• **Work task**
Retype the lines below exactly, but only those from the line that has "गैलरी व्यूवर में" through the line that has "Used 775-009935-001 ELEMENT WATER FILTER". Omit every picture.

• **Records provided**
__________________________________________________

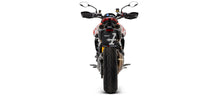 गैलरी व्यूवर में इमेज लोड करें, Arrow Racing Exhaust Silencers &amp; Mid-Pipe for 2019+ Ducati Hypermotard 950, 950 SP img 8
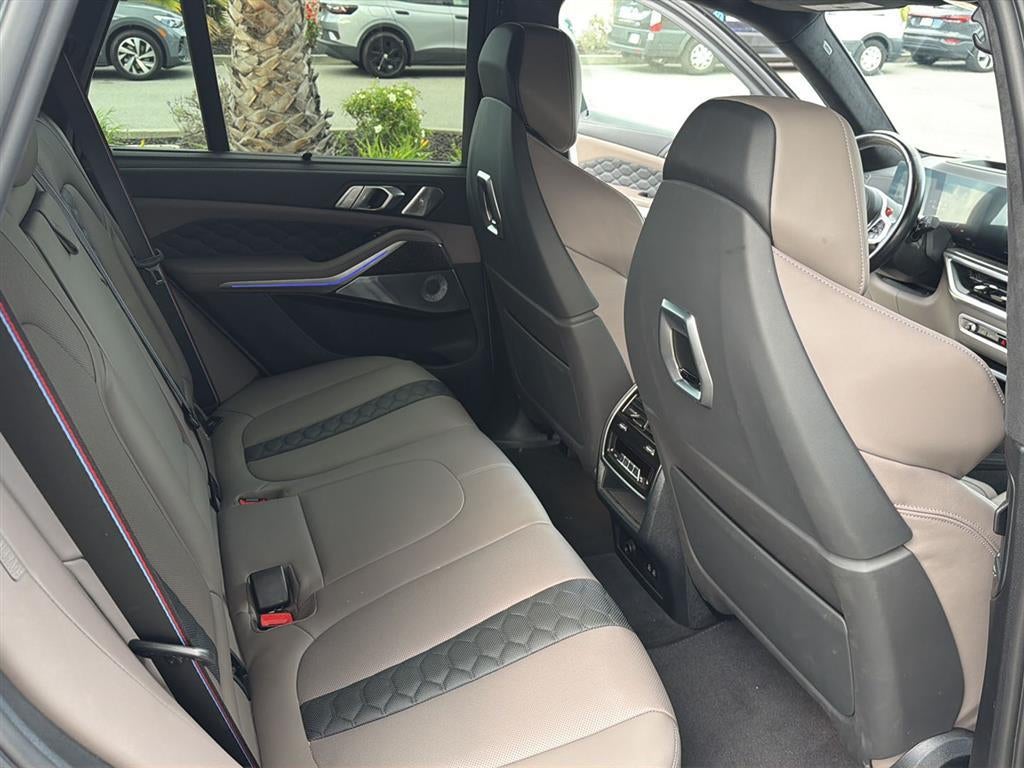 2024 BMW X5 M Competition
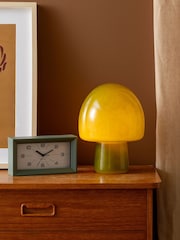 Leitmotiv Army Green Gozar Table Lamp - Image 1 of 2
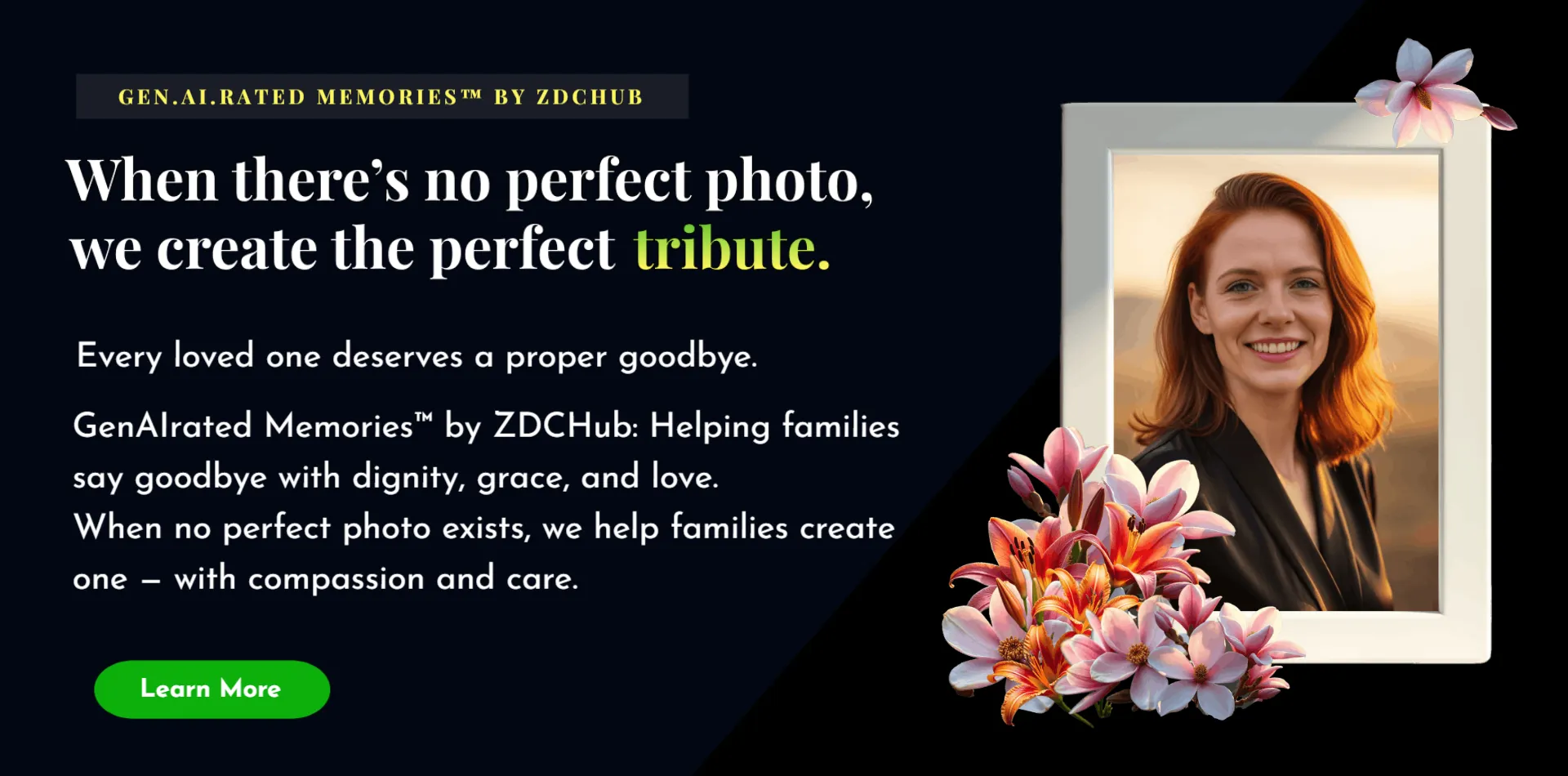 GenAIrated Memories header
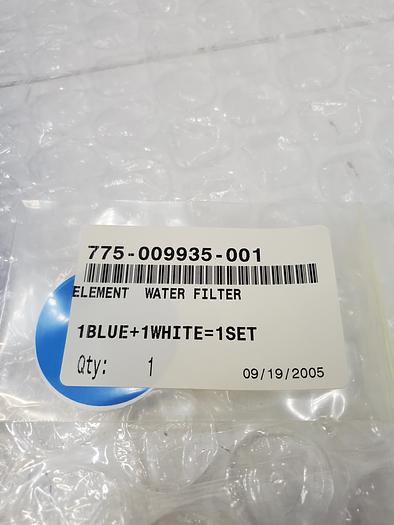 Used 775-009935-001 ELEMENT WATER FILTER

__________________________________________________

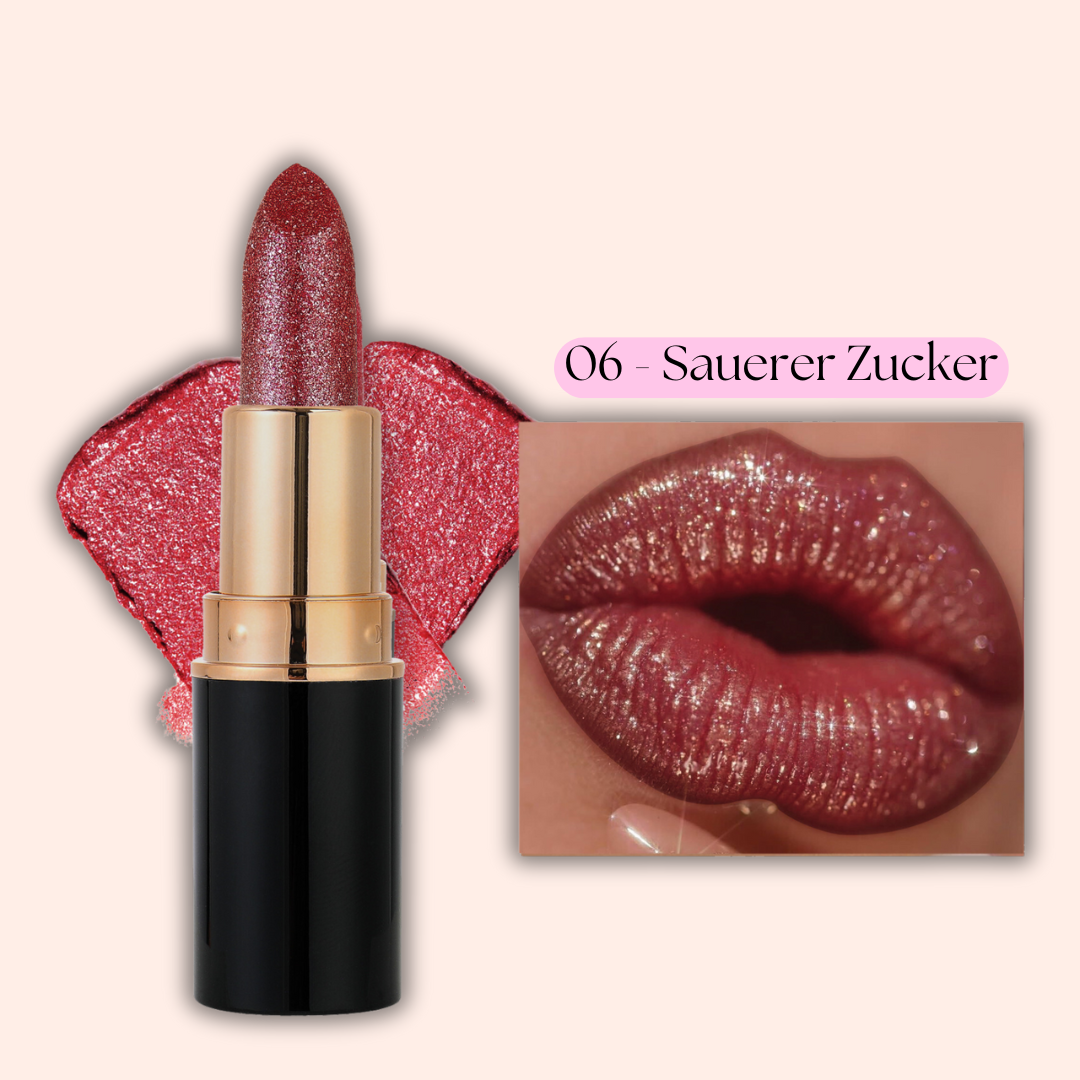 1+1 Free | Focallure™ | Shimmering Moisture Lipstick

__________________________________________________

• **Result of this exercise**
 गैलरी व्यूवर में इमेज लोड करें, Arrow Racing Exhaust Silencers &amp; Mid-Pipe for 2019+ Ducati Hypermotard 950, 950 SP img 8
 2024 BMW X5 M Competition
 Leitmotiv Army Green Gozar Table Lamp - Image 1 of 2
 GenAIrated Memories header
 Used 775-009935-001 ELEMENT WATER FILTER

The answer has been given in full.